Watching Diana (Melissa McCarthy) is like watching a train wreck, you know it’s going to happen, you know it will be catastrophic, and the only thing left is a mess. I’ve yet to see McCarthy be in anything interesting, intelligent or of value. She appears to specialize in uncultivated actions of an overweight person trying to fit in, be funny or the center of attention. Sandy Peterson (Jason Bateman) does his best to hold the film together but this is a match made hell.
The presentation of the subject and story is rarely interesting and mostly just grossly reaching for laughs.

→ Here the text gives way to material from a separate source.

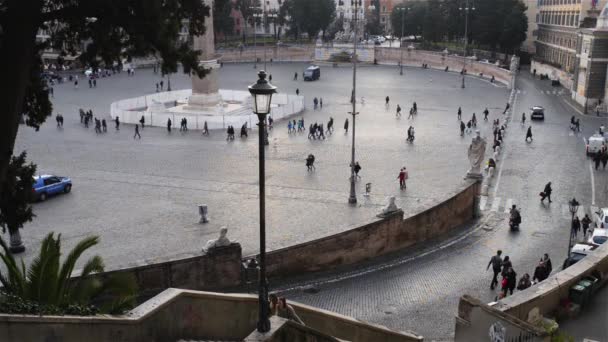 Piazza del Popolo är stads torg i Rom, Italien — Stockvideo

McCarthy is horrible in this character and it there was nothing about her character that would make the audience be interested in her. The attempts to have Sandy’s kids like her were grossly obvious ploys to have us care about the character – too little too late. Bateman tried his best and did the best he could with the script, direction, and McCarthy. The moments he spends and communicates with his kids and wife Trish (Amanda Peet) are good and are the only things good in this film. Peet, in a minor role, was OK. Craig Mazin wrote a poorly conceived script. Seth Gordon tried to make the story interesting but the script, McCarthy, and idea were guaranteed to make this film fail.
Overall: Not worth more than 5 minutes of anyone’s time.